━━ DATA PROVIDED

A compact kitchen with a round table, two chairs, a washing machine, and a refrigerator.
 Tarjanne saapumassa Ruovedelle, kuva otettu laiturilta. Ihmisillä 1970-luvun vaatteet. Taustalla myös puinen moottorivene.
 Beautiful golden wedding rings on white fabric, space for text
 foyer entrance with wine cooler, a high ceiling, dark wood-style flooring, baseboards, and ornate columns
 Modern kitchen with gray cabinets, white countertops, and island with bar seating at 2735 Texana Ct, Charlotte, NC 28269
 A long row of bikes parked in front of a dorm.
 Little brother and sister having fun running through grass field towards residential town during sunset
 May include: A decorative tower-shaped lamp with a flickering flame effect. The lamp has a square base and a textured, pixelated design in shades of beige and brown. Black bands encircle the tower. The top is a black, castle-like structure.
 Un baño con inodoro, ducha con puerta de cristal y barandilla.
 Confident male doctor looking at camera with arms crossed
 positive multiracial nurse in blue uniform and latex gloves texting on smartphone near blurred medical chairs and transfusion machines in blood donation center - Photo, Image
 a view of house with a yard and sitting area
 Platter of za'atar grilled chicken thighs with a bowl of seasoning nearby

━━━━

Show, from the listing above, every line holding the word "white".

 Beautiful golden wedding rings on white fabric, space for text
 Modern kitchen with gray cabinets, white countertops, and island with bar seating at 2735 Texana Ct, Charlotte, NC 28269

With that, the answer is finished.